Piloto de parapente fica preso na Pedra do Imperador, em Friburgo, e é resgatado pelos Bombeiros

O esportista teria sofrido o acidente em razão de uma rajada de vento. Resgaste durou cerca de oito horas

Por Matheus Oliveira
24/01/19 - 12:13
Piloto de parapente fica preso na Pedra do Imperador, em Friburgo, e é resgatado pelos Bombeiros Resgaste do piloto foi realizado durante a madrugada desta quinta | Foto: Cláudio Tardin

O Corpo de Bombeiros de Nova Friburgo, com o auxílio da Cruz Vermelha e do Centro Excursionista Friburguense, resgatou, na madrugada desta quinta-feira, dia 24 de janeiro, o piloto de parapente Jackson da Silva Pinto, de 40 anos, na Pedra do Imperador. O resgaste durou das 20h de quarta-feira até às 4h de quinta.

Segundo informações do Corpo de Bombeiros, a vítima teve uma fratura no pulso e uma luxação no ombro, sendo encaminhada ao Hospital Municipal Raul Sertã. O comandante do 6º Grupamento de Bombeiros Militares (GBM- Nova Friburgo), o tenente-coronel Alexandre Pitaluga, contou detalhes do resgate.

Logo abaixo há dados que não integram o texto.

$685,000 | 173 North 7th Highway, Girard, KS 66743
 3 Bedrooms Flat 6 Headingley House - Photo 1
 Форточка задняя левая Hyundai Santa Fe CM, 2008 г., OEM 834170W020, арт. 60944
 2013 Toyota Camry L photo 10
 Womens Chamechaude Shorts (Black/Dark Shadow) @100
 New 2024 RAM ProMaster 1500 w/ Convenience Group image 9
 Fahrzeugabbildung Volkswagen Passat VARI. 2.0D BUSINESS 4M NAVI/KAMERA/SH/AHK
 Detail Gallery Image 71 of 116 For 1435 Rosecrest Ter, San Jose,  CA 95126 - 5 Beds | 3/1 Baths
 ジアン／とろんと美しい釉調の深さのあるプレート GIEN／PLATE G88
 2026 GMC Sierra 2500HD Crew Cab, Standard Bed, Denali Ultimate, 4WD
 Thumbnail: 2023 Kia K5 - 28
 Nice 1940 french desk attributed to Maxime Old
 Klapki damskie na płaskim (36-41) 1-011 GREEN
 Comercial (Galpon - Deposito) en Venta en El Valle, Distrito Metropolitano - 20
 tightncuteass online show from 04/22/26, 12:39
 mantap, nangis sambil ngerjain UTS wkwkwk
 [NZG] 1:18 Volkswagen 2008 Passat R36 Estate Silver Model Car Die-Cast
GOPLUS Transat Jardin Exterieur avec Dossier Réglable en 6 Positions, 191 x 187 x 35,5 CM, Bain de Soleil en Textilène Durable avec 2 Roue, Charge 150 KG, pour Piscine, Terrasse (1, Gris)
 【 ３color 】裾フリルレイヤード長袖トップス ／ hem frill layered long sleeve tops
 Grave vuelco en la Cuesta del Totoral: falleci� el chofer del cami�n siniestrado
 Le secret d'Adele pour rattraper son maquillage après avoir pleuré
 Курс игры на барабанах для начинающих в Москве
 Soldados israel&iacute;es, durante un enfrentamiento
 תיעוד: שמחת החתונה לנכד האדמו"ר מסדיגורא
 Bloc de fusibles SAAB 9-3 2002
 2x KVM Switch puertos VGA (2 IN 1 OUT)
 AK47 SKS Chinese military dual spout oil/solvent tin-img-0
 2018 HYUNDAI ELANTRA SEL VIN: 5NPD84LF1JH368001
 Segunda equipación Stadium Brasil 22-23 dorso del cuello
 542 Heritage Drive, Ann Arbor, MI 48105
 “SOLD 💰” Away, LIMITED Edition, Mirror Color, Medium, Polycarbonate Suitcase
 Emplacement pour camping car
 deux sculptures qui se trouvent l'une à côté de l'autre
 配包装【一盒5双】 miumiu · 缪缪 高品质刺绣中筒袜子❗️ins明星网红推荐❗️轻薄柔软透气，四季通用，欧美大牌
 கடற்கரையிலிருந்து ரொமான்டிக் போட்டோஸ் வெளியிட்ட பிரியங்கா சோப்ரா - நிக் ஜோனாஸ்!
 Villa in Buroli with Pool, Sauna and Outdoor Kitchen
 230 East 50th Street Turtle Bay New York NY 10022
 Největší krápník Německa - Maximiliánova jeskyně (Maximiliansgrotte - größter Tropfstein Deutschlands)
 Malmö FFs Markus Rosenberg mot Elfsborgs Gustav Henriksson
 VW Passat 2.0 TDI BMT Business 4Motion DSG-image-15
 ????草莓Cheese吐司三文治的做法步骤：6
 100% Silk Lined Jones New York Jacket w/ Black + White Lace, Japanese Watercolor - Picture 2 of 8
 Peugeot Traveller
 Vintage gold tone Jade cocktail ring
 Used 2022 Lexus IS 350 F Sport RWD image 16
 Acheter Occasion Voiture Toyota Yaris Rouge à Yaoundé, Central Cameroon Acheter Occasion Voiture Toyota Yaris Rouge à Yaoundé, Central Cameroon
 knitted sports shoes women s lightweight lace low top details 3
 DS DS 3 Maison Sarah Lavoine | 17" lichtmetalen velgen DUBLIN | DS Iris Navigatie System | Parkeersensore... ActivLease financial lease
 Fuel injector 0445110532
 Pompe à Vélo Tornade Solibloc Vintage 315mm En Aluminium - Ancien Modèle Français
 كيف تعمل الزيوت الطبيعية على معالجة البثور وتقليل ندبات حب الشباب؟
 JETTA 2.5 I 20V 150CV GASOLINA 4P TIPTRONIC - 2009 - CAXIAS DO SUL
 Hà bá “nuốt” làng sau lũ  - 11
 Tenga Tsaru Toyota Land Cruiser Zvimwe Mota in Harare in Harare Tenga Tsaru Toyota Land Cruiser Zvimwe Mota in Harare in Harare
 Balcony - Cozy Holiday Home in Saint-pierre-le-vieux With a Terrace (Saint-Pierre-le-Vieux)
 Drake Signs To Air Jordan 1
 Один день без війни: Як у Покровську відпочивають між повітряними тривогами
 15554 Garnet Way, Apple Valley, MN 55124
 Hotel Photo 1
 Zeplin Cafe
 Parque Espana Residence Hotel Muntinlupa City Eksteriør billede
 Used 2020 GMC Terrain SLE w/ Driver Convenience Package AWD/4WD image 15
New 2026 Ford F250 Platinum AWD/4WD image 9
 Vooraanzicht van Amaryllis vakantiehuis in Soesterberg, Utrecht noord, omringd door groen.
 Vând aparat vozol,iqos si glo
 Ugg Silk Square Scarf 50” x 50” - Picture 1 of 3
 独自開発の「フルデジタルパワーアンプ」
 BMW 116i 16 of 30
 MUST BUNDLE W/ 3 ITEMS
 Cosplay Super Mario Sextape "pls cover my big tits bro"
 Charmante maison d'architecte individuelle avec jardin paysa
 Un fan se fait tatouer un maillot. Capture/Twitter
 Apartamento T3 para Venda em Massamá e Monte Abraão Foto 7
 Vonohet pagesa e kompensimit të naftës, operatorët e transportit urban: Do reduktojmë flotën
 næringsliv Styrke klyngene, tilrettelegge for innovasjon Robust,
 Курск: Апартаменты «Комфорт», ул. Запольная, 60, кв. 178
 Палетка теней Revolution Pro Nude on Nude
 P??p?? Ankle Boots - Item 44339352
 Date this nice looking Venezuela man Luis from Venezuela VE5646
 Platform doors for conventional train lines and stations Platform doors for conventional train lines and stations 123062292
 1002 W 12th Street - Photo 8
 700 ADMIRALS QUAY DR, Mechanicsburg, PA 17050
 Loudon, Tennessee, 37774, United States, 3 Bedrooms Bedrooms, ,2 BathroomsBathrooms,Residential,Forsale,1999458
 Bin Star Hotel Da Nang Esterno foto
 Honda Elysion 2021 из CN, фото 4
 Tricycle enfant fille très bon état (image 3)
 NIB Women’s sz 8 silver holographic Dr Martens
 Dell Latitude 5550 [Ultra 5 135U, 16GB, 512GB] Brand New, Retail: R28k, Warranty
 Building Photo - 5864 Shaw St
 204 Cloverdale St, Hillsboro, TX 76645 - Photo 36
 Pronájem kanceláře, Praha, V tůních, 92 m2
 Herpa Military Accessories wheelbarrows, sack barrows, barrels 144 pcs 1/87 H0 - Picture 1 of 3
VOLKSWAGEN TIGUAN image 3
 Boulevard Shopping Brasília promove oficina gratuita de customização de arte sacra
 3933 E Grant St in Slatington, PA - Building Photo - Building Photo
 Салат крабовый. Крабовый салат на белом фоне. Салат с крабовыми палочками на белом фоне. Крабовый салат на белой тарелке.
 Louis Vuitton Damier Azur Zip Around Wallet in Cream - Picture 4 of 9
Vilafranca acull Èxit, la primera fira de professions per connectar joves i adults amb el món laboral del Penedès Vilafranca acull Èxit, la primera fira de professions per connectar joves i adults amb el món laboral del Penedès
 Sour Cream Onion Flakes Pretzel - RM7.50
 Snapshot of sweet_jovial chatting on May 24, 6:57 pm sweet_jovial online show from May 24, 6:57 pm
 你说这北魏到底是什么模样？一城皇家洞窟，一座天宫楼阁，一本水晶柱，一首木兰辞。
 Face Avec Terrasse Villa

"Comandamos a operação por uma questão de hierarquia e fizemos o que é nosso dever, resgatar uma vida. Comandamos o procedimento e tivemos ajuda do Centro Excursionista, além do auxílio da Cruz Vermelha, que, em um primeiro momento, ofereceu equipamento e através de um outra trilha realizou contato com a vítima", declara.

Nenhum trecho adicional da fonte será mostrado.